The problem:
Lines from the one with "Grumpy Frumpy - US 8650" through the end of the records, and no others, are what the answer should contain, copied exactly; please keep pictures out.

Image-text web data:
::::::::

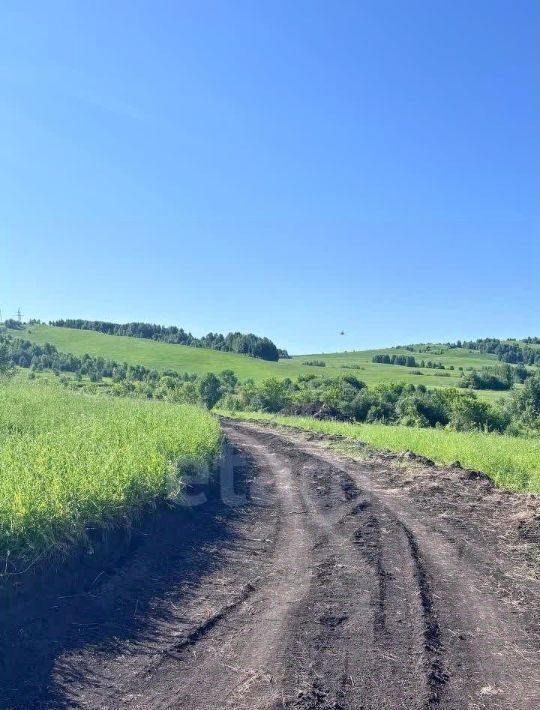 земля г Горно-Алтайск фото 7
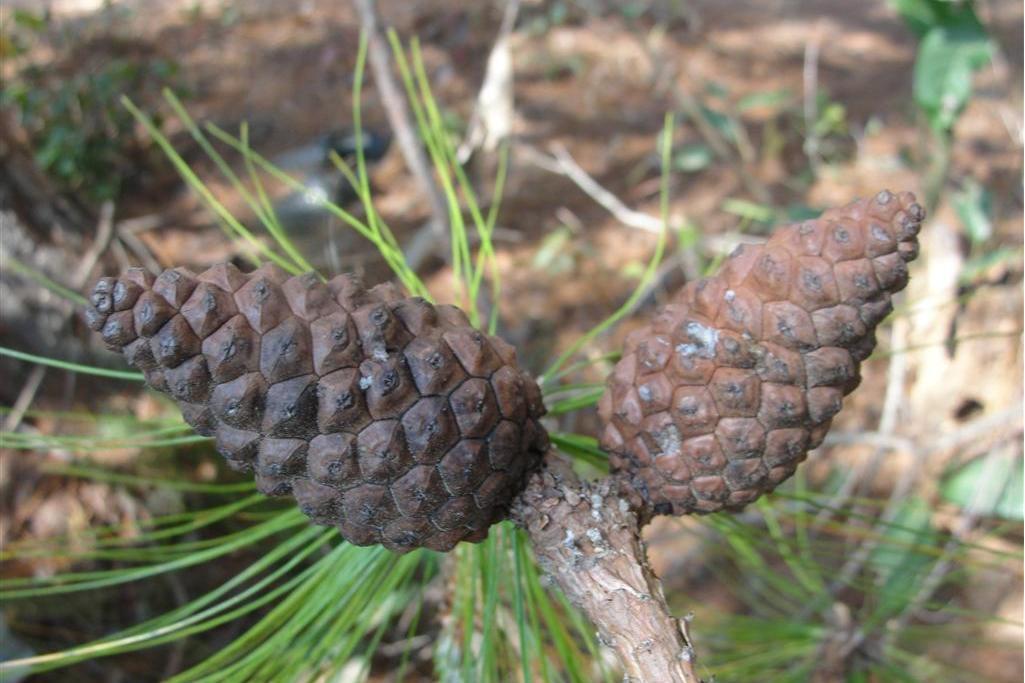 思茅松鎮沅家系03號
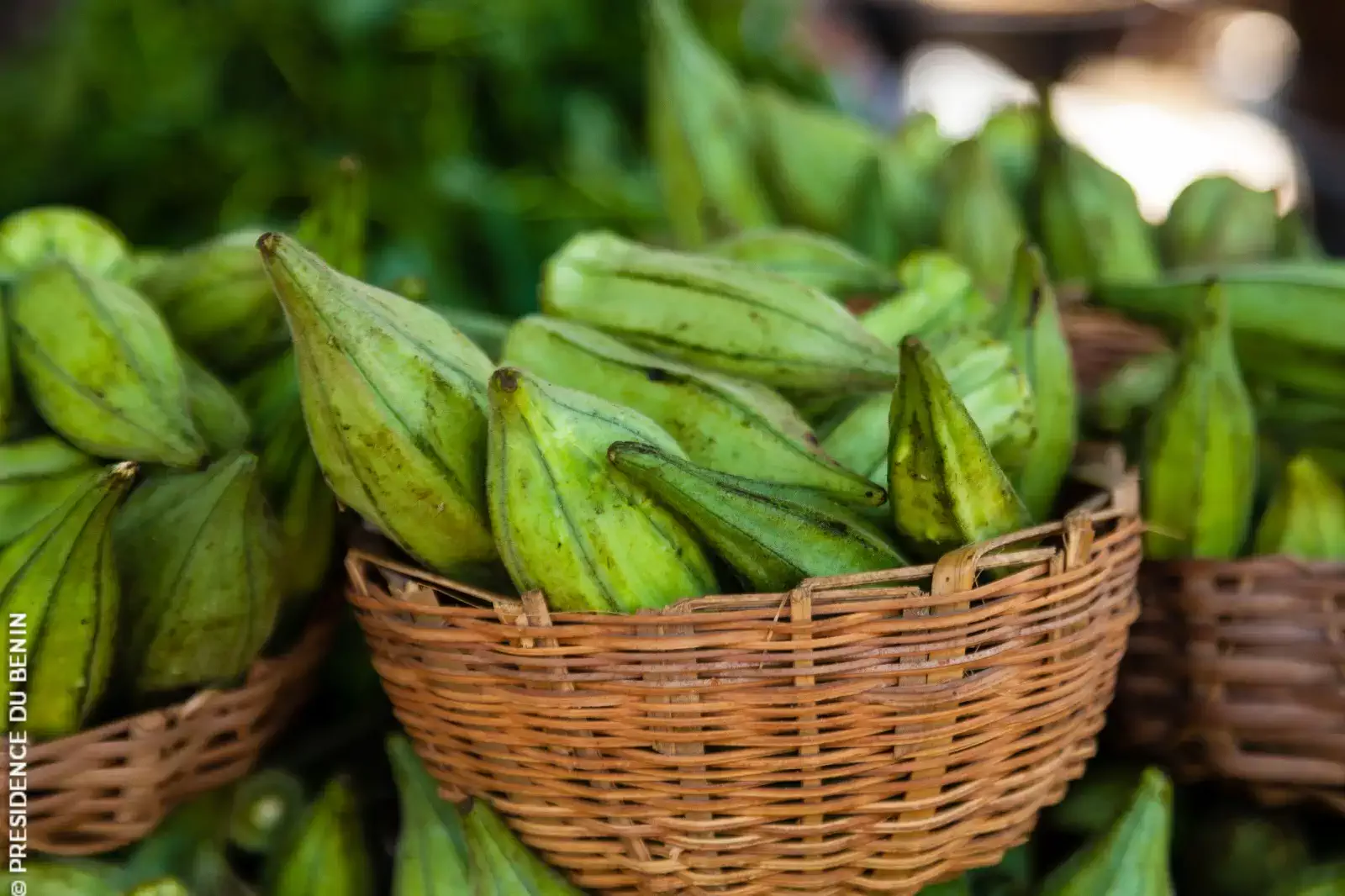Agriculture : la production de légumes au Bénin prend de l’ampleur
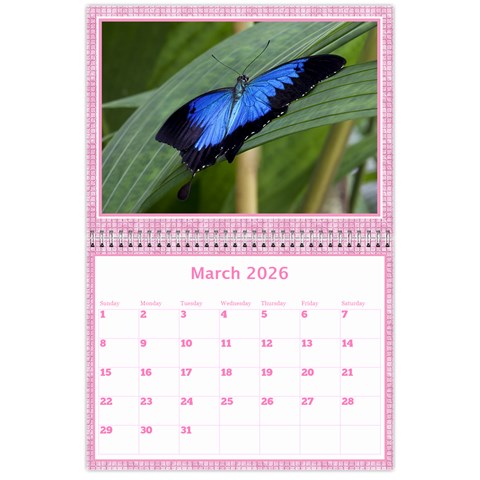 Pink Choc Wall Calendar 11x8 5 By Deborah Mar 2026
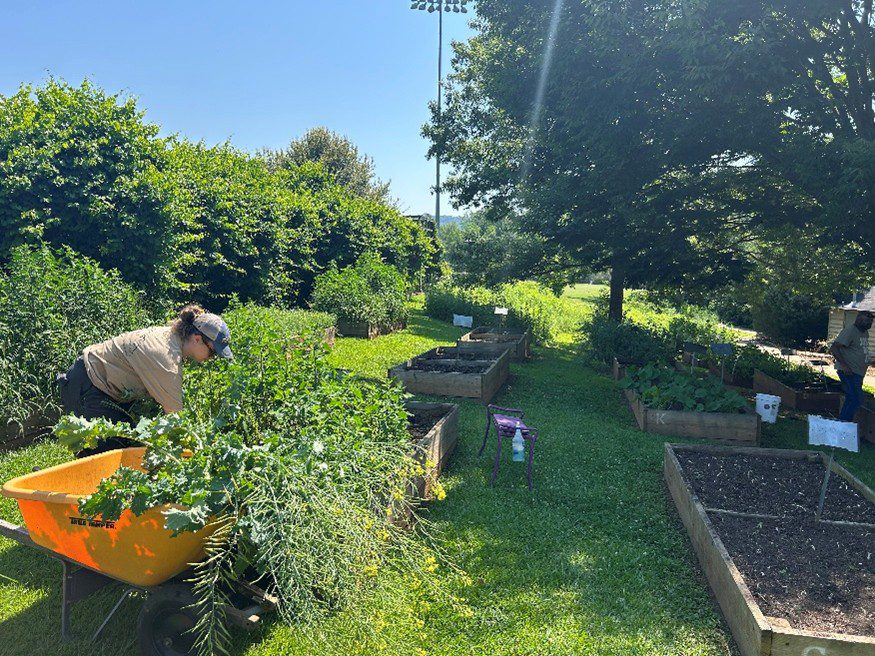 student worker weeding raised beds at the Furman Farm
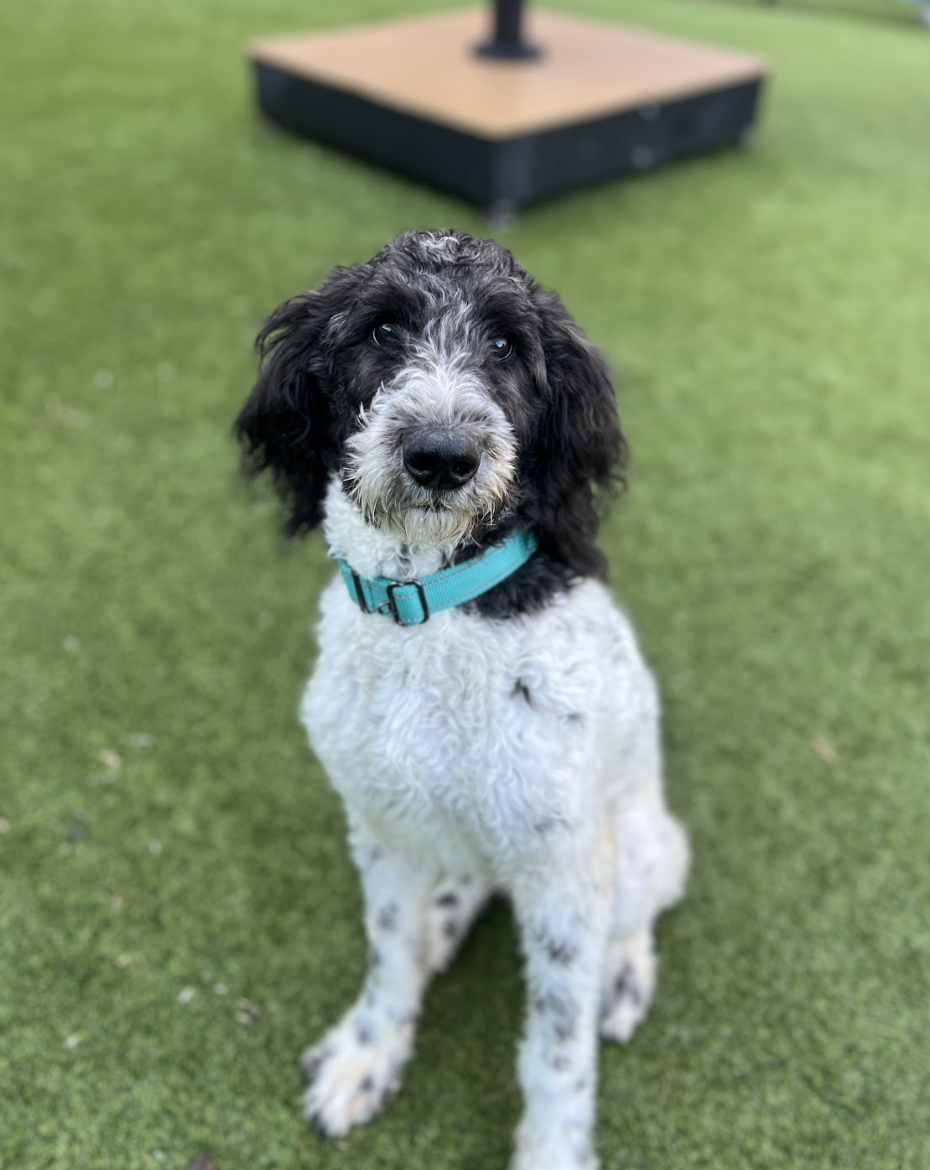 Screenshot 2026-01-25 at 10.13.24 AM.png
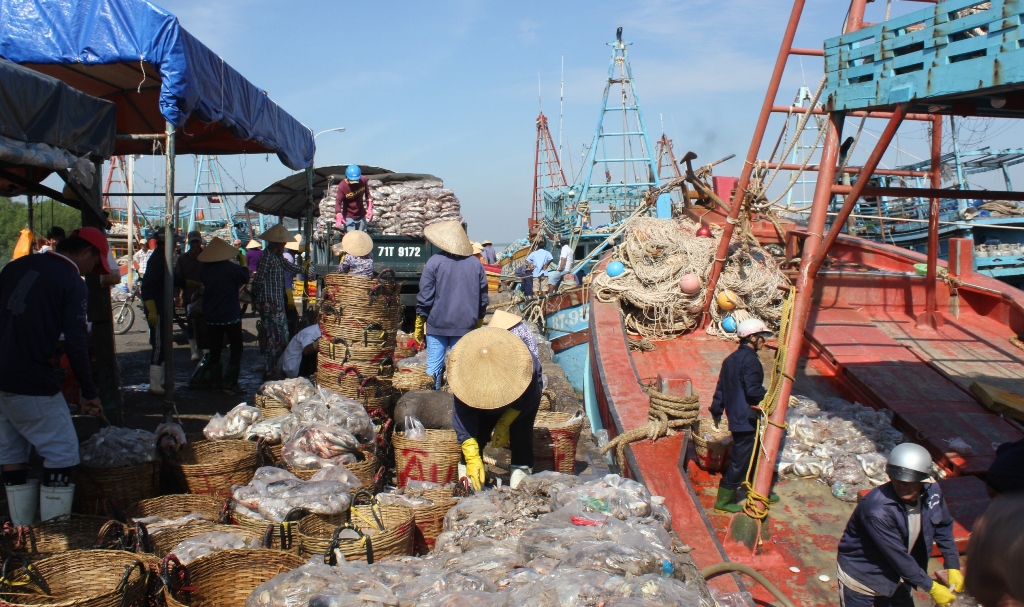 Tin nhanh - Bến Tre: Gấp rút sơ tán dân, kêu gọi tàu thuyền vào nơi tránh bão (Hình 2).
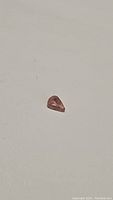 Pear cut padparadscha sapphire loose gemstone on plain background, showing shape and color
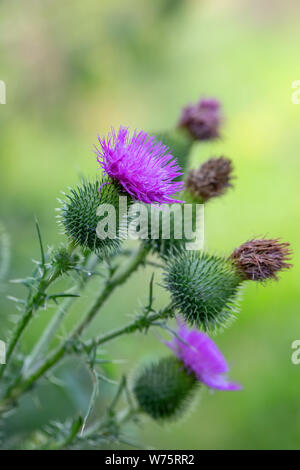 Flower musk thistle, Carduus nutans, conosciuto anche come thistle o annuire plumeless thistle) con bassa messa a fuoco e lo sfondo sfocato Foto Stock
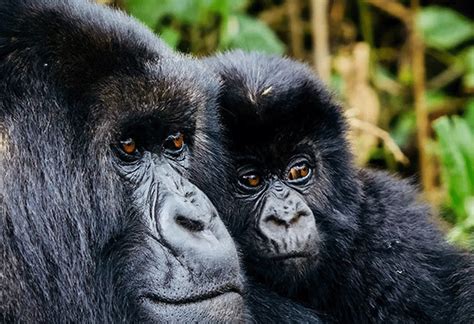 Organizing A 1 Day Tour To See Gorillas In Volcanoes National Park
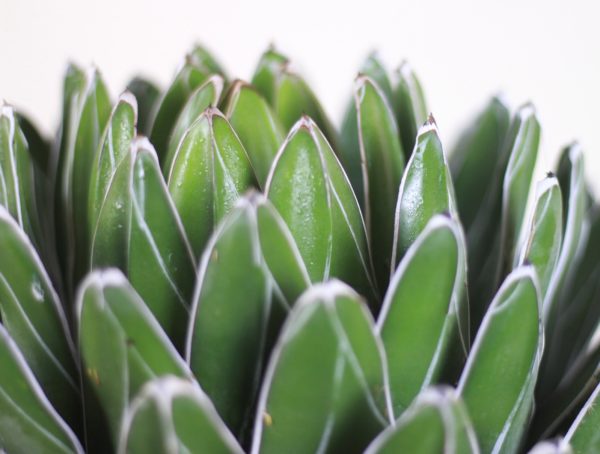 Queen Victoria Agave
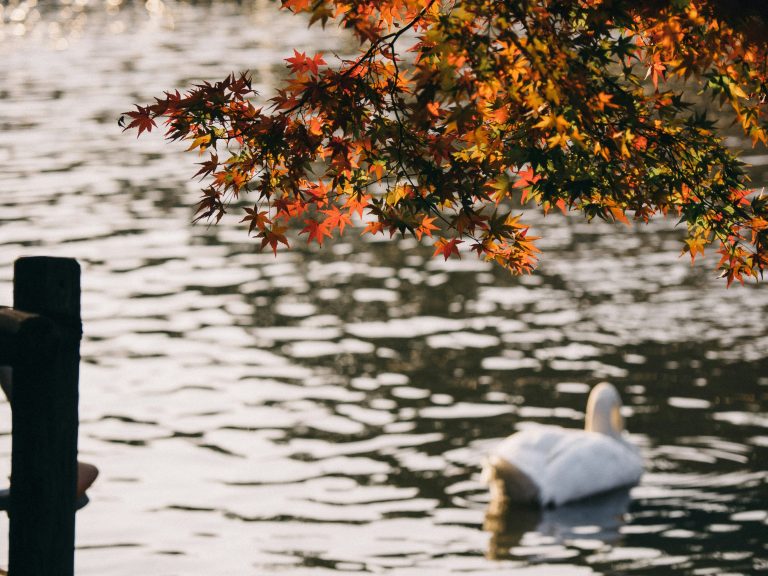 Foto: Lebădă pe lac, 31 octombrie 2022, ©ultratunafish | Unsplash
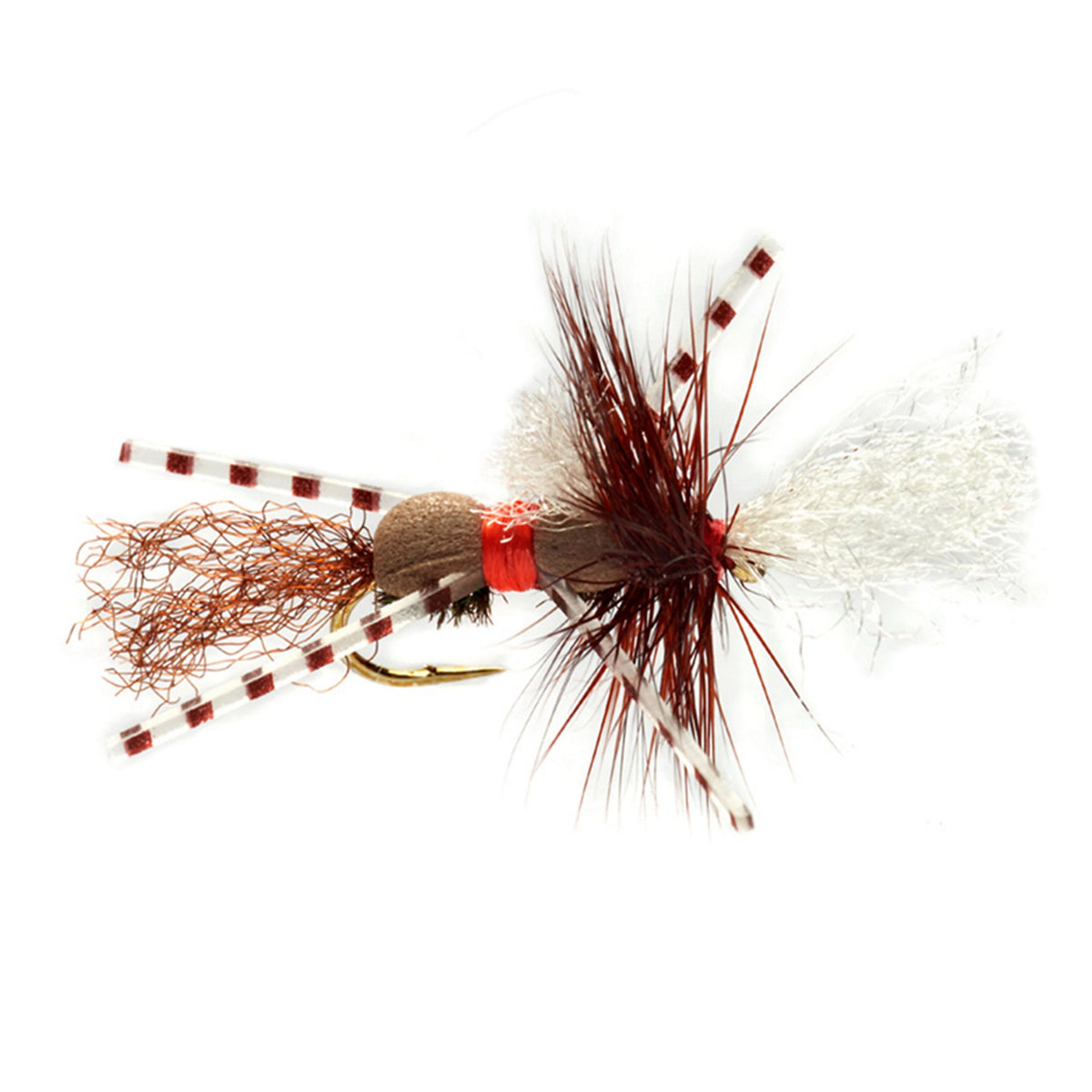 Grumpy Frumpy - US 8650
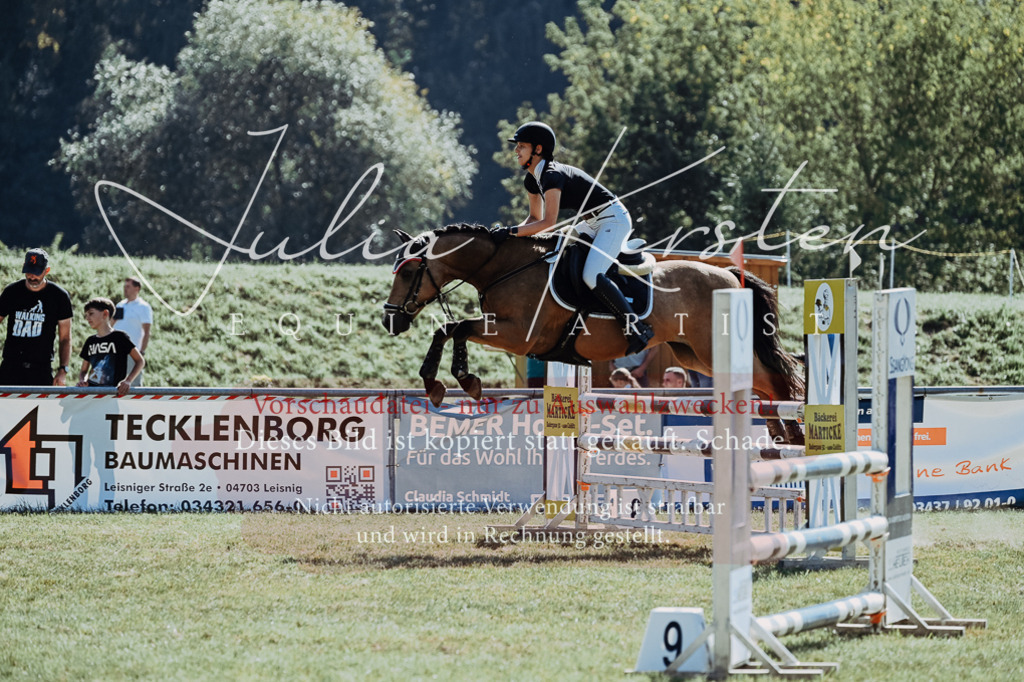 DSC_6040 | Pferde- und Turnierfotografie in Westsachsen. Pferdeportraits, Auftragszeichnungen und intuitive Kunst.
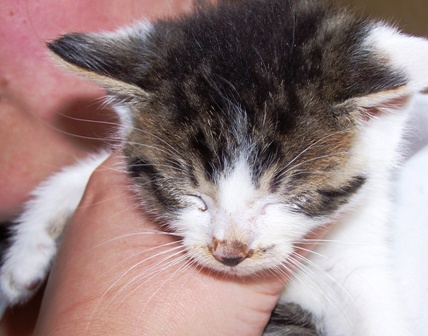 Adoptusie. Osierocone kociaki działkowe - Smolinos już w domu :)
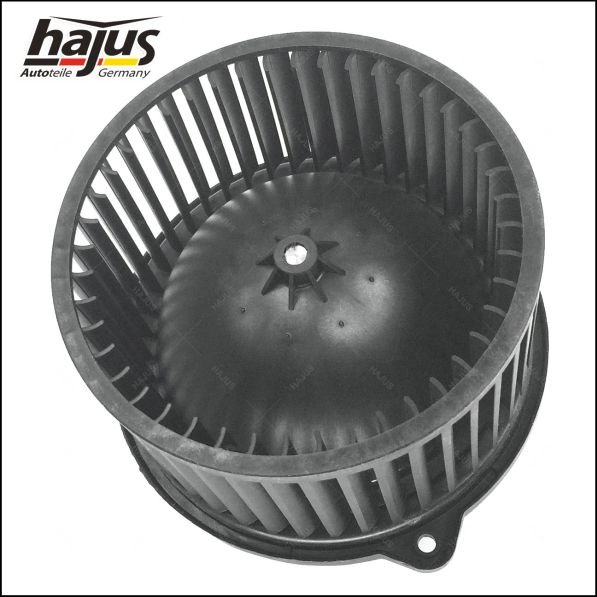 hajus Autoteile 8191051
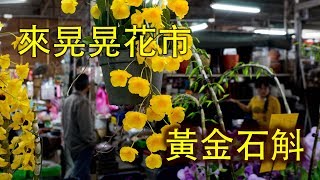 (關於蘭花) 在花市遇到超大的黃金石斛啊| 十八棒石斛|香蕉豆蘭 ...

::::::::

Solution to this problem:
 Grumpy Frumpy - US 8650
 DSC_6040 | Pferde- und Turnierfotografie in Westsachsen. Pferdeportraits, Auftragszeichnungen und intuitive Kunst.
 Adoptusie. Osierocone kociaki działkowe - Smolinos już w domu :)
 hajus Autoteile 8191051
 (關於蘭花) 在花市遇到超大的黃金石斛啊| 十八棒石斛|香蕉豆蘭 ...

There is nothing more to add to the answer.